Another sophisticated device to determine if this problem exists is one for which I am applying for a patent: It’s called paper-on-a-stick. Basically, if you don’t like bending over, you can use that duct tape I told you to avoid earlier and tape a sheet of paper to a stick. Walk around the data center, and if the paper is sucked to the perforated tiles instead of sent fluttering above it, then you have induction, my friend.

Simple actions to take:
  •   Cover, close, or preferably replace unneeded perforated tiles in cold spots with solid tiles.

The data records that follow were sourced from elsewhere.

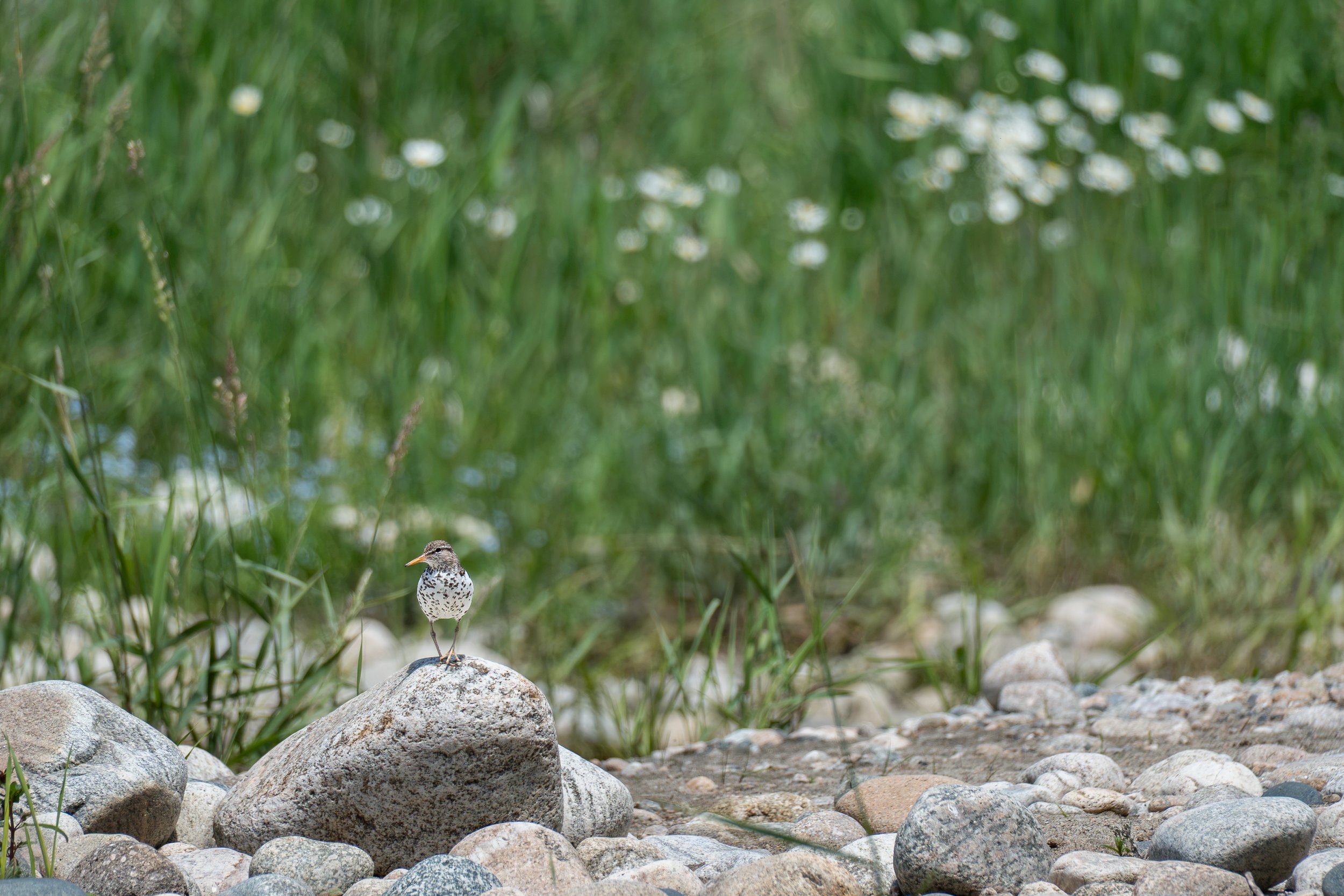 "A Riverside Sandpiper"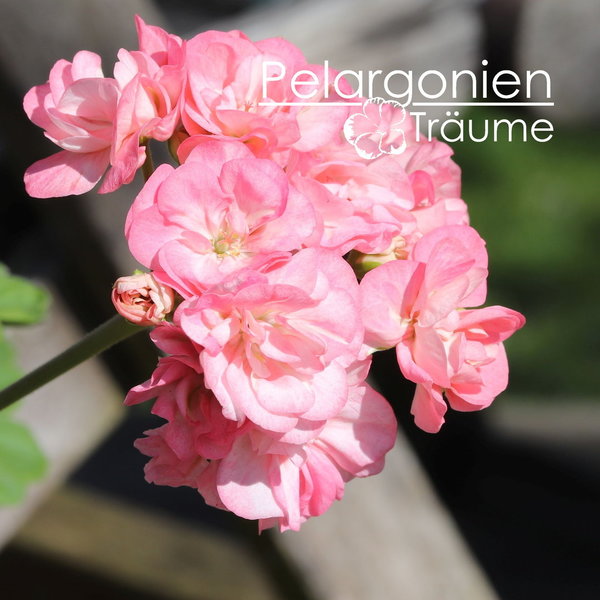 'Pelargonienträumes Roswitha' Pelargonium zonale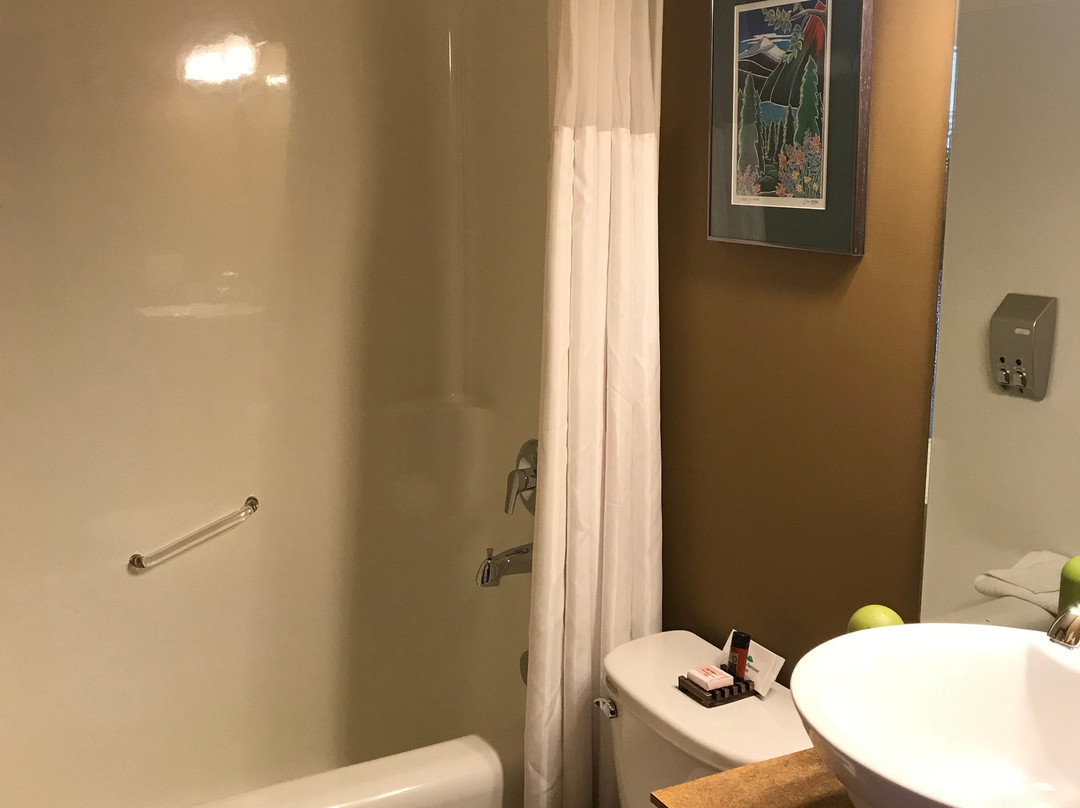 Truffle Pigs Lodge主图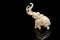 ivory statuette of elephant mammoth on black background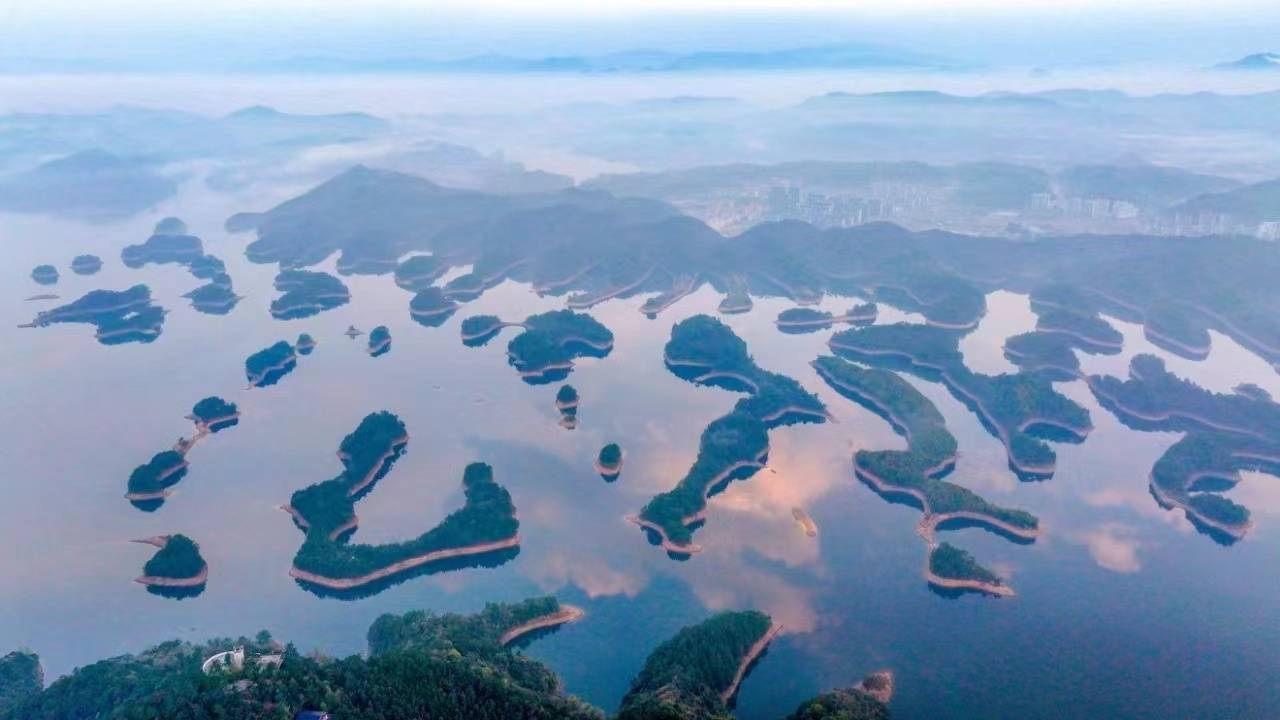 拥有“如意行”驾乘险，出行更顺畅！,人保有温度_2026有机种植行业全面调研及未来前景分析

  •   Remove or relocate floor diffusers experiencing induction.



LOW-TECH AISLE SEPARATION

Hopefully, by this point you are seeing some improvements. Note that none of the steps have required any tweaking of CRAC unit setpoints or expensive modifications. Many of these ideas can hopefully be achieved using operational funding vs. new capital expenditures. If your data center is like the typical data center, even though things may be getting better, there are probably some additional opportunities to explore above the floor level.

Start in the cold aisle. If at any place you have an unobstructed view of an adjacent hot aisle, you just found a window of opportunity. And I mean anywhere. It’s surprising to me how many empty cabinets you can find in a data center.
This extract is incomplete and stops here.